**Your instructions:**
Omit all pictures, then repeat the listing exactly.

**Material provided:**
Start of Block

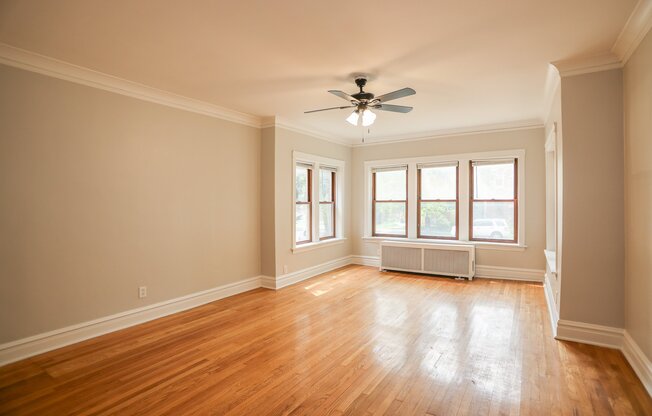 5338 MONTROSE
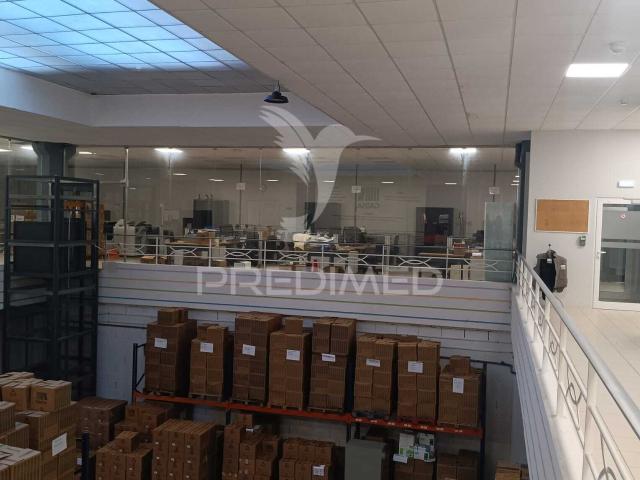 Arrendar Armazém e escritorio 1700m2 excelentes condições, em Sintra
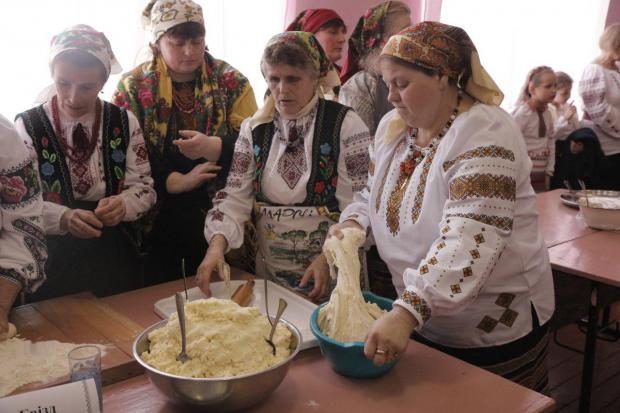 "Ми за бійців молимось, переживаєм, просимо Бога, щоб вони повернулись додому живими і здоровими", &mdash; каж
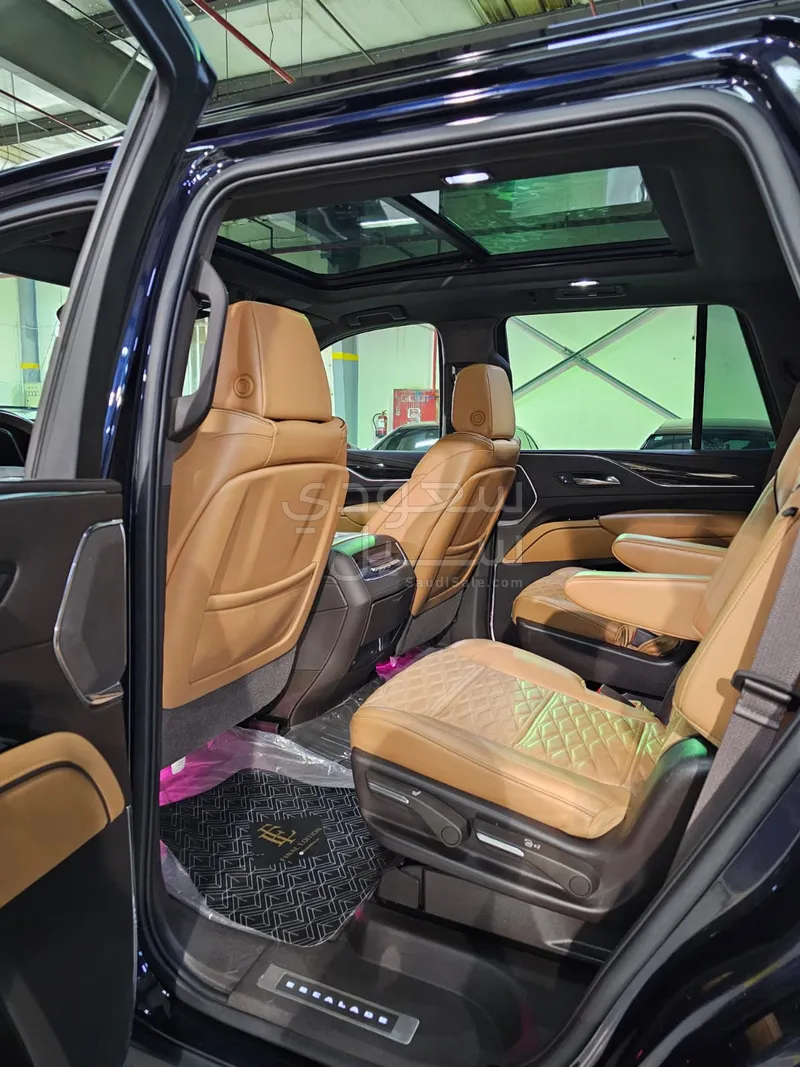 2022 كاديلاك اسكاليد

End of Block

**Result below:**
 5338 MONTROSE
 Arrendar Armazém e escritorio 1700m2 excelentes condições, em Sintra
 "Ми за бійців молимось, переживаєм, просимо Бога, щоб вони повернулись додому живими і здоровими", &mdash; каж
 2022 كاديلاك اسكاليد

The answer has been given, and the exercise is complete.